What is jhmkxr@ehsehsdmgaq.com? Found it in Mozilla FF extensions
Windows 7 FF Version 20.0 Was looking up in Roboform (Password Mgr) why my Firefox Bookmarks weren't importing into the program and I was searching for where my FF bookmarks are actually stored on my computer and I came upon this email address that took me to some DNS site. Can you shed any light on why someone's email address is in my extensions folder? And can you tell me where my FF bookmarks are actually stored?
All Replies (2)
Short version:
1. Install, update, then perform a full system scan with MalwareBytes' Antimalware.

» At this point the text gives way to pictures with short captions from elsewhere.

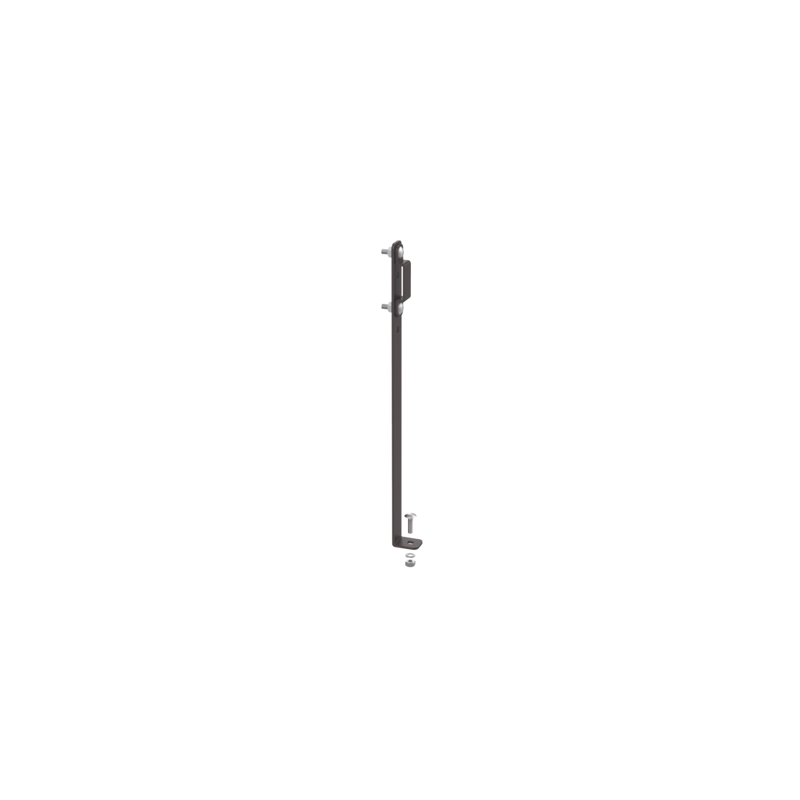 Kit de Elevación 6 in para Escalerilla Recta Acero Negro Hof | Precio México - Envío Inmediato | LM Soluciones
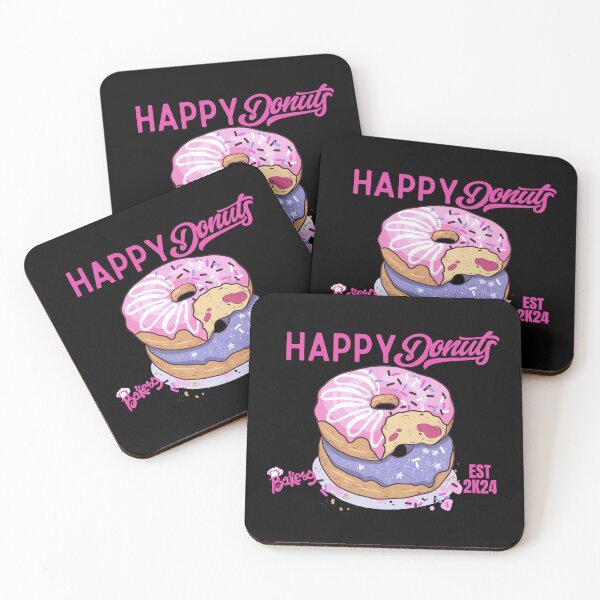 Item preview, Happy donuts designed and sold by Peerless-Prime.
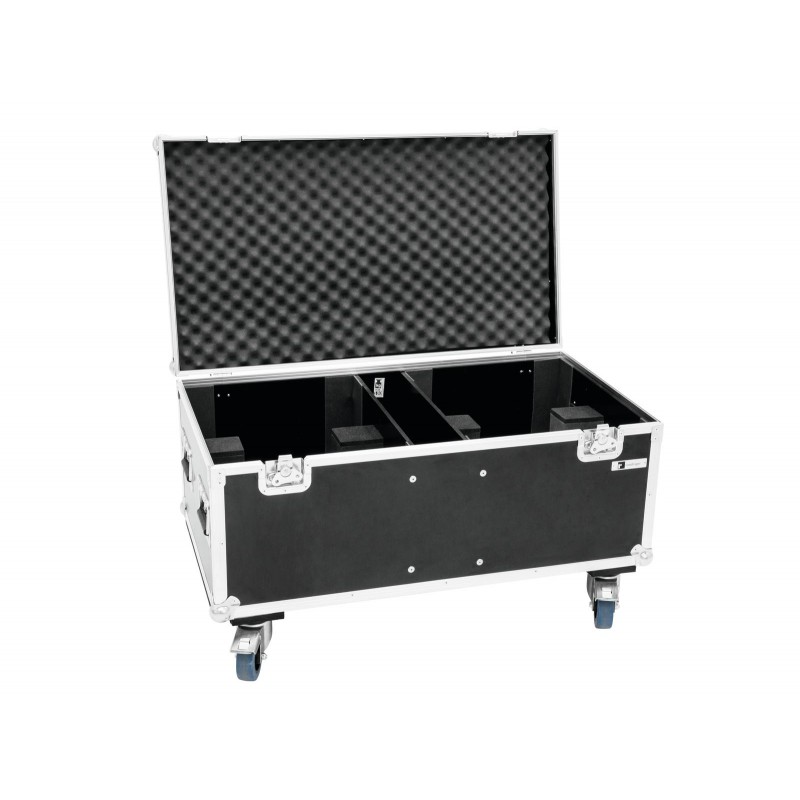 ROADINGER Flightcase 2x THA-250F - 1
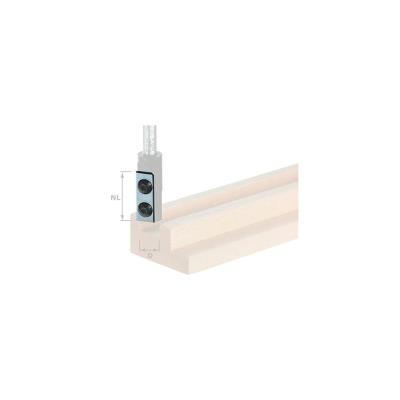 Plaquette De Rechange Hw-Wp 25X5.5X1.1 (4X) Festool 491387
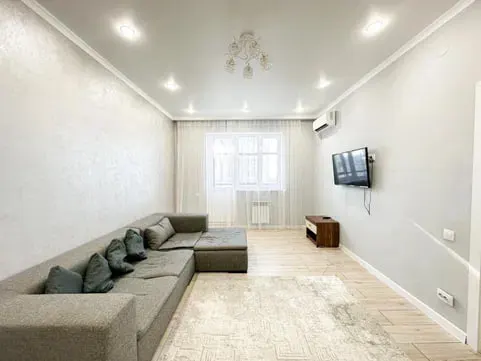 Сдаётся 2-комнатная квартира, 65 м², 4/8 этаж — Мирабадский район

If it doesn't get rid of the unwanted software, post in the specialized malware removal forum below.
2. Once the above is sorted out, use the Reset Firefox feature to discard all add-ons — including the malicious ones — and start with a fresh profile with just your essential data.
Your bookmarks and history are stored in the places.sqlite file in your profile folder.
Long version:
That's the RapidFinda extension (see these system details). It's a malicious add-on that's normally blocked in the Add-ons Manager.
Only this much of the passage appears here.